Keywords: VLSI, FPGA, Compressors, Vedic Mathematics.

1. Introduction

Enhancing the speed of multiplication is indispensable for current high performance digital signal processors and general purpose processors. High speed multiplication is becoming one of the key operations in signal processing and RISCs. Several multiplier architectures have been introduced over the past few decades such as booth’s multiplier [7] and conventional multiplier and these multiplier are very popular in modern VLSI design.
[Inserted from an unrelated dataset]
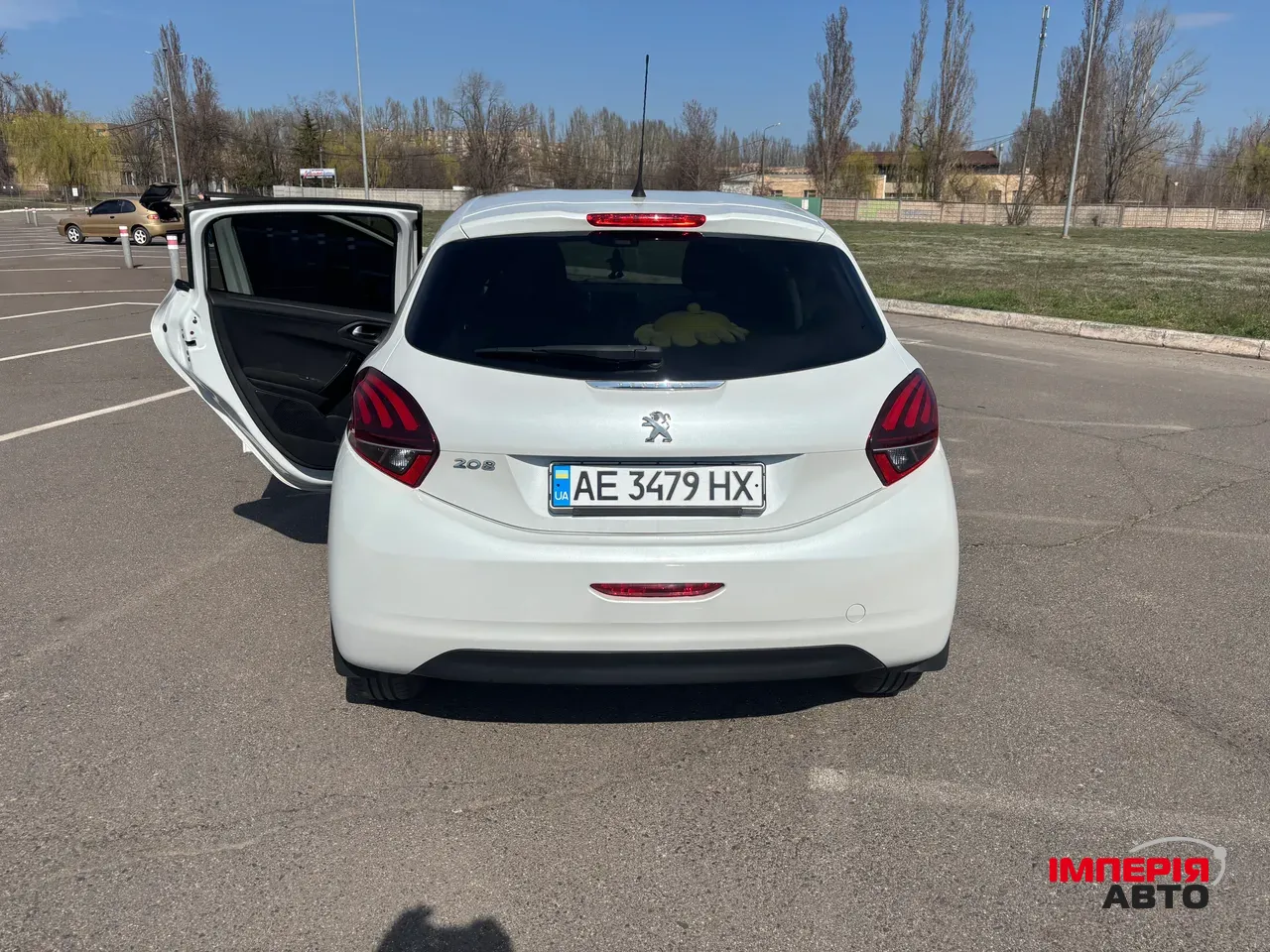 Peugeot 208 - фото 9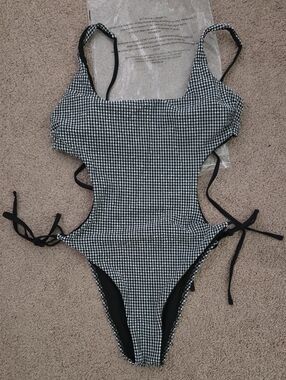 *NWT* Black & White Gingham Cutout One-Piece Swimsuit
These algorithm have very time consuming processes such as addition, shifting and subtraction which requires a large number of steps before arriving the final answer also these steps reduce the speed exponentially with growing number of bits in multiplicand and multiplier. This demands a very efficient architecture of multiplier.
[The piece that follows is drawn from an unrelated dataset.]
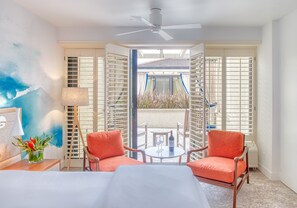 Room, 1 King Bed, Accessible (Courtyard) | Premium bedding, pillow-top beds, in-room safe, desk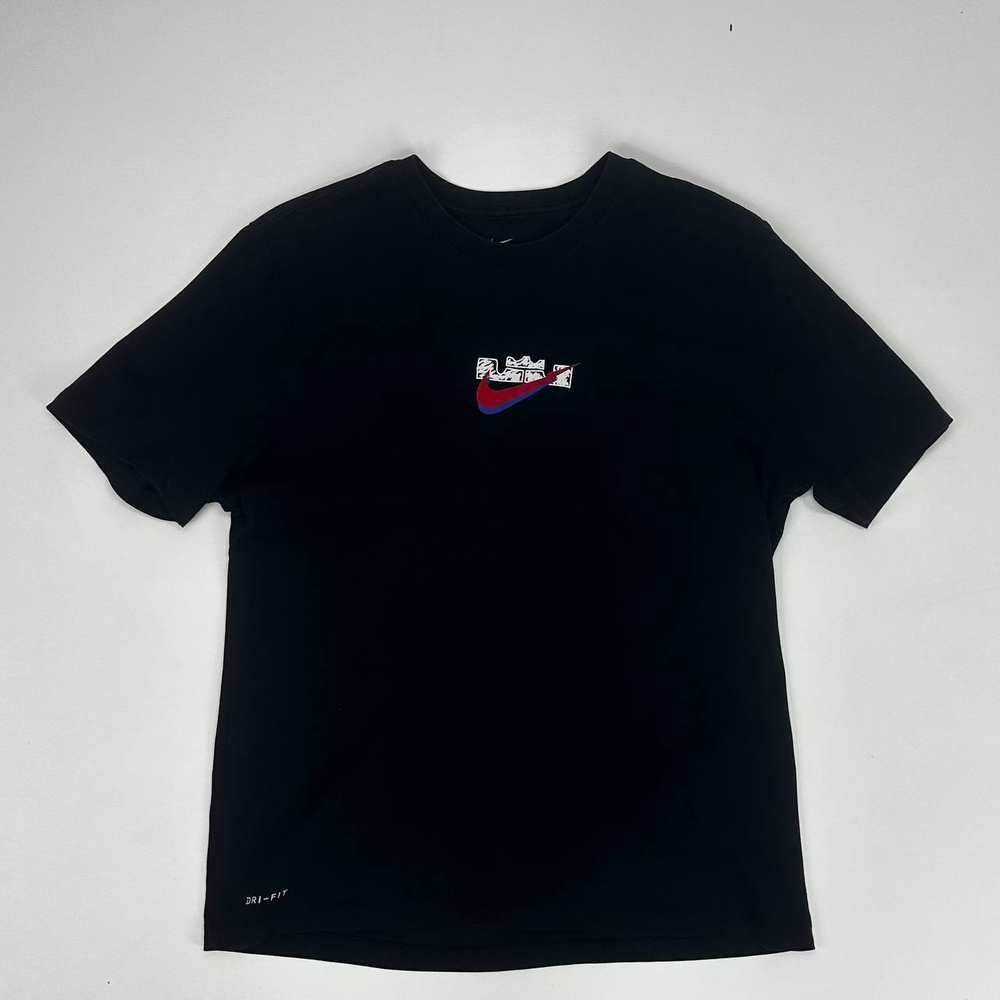 Футболка Nike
A novel multiplier architecture based on Vedic mathematics has been explored to address the disadvantages associated with existing multiplier architecture. Vedic mathematics is ancient system of mathematics that was reintroduced by Bharati Krishna Tirthaji Maharaj [3]. He was the scholar of Sanskrit, mathematics and philosophy. Bharati Krishna Tirthji Maharaj simplified various complex mathematical problems in 16 Sutras and 13 sub sutras which deals with trigonometry, algebra, Geometry and has various applications in signal processing, control engineering and VLSI. One of the primacy of Urdhwa Tiryakbhyam sutra is that all the partial products are obtained simultaneously which efficiently increase the speed of multiplication. As addition of Partial products consumes most of the time in multiplication, 4:2 and 7:2 compressors [1] have been introduced in this paper. Compressors are nothing but a coherent architecture for addition of more than 3 bits simultaneously. The novel compressor architecture introduced in this paper requires a few gates as compared to full adder based compressor. First 8 bit and 16 bit multiplier have been implemented using Urdhwa Triyakbhyam sutra [7] and compressors. To further design high speed multiplier architecture reconfigurable multiplier technique has been used.

2. Vedic Mathematics

Vedic mathematics is the part of Sthapatya Veda which is an up Veda of Atharwa Veda [14]. Bharati Krishna Tirthji maharaj (1884-1960) thoroughly studied Vedas and introduced Vedic mathematics in 16 sutras and 13 up sutras which covers every area of mathematics. To be precise Vedic mathematics is the composition of very simplified methods to solve various complex mathematical problems. Vedic mathematics is not magic but a logical way to look into mathematics and all sutras in Vedic mathematics are purely logical. All sixteen sutras are given below:

1. Ekadhikena Purvena
2. Nikhilam navatascaramam Dasatah
3. Urdhva - tiryagbhyam
4. Paravartya Yojayet
5. Sunyam Samya Samuccaye
6. Anurupyne - Sunyamanyat
7. Sankalana - Vyavakalanabhyam
8. Puranapuranabhyam
9. Calana - Kalanabhyam
10. Ekanyunena Purvena
11. Anurupyena
12. Adyamadyenantya - mantyena
13. Yavadunam Tavadunikrtya Varganca Yojayet
14. Antyayor Dasakepi
15. Antyayoreva
2.1 Urdhwa Tiryakbhyam Sutra

Urdhwa Tiryakbhyam Sutra is one of the sutras of Vedic mathematics and provides a very simple way to multiply two decimal numbers. Same technique has been used to multiply two binary numbers so that algorithm can be implemented in a digital systems [14]. The algorithm works very efficiently in multiplying two binary numbers as well. Urdhwa Tiryakbhyam is the Sanskrit word which means vertical and crosswise respectively. As all the partial products calculated in parallel and require only AND GATE so the multiplier based on this method is independent of processor frequency. Figure 1 explains the multiplication of two 8 bit binary numbers using Urdhwa Tiryakbhyam Sutra.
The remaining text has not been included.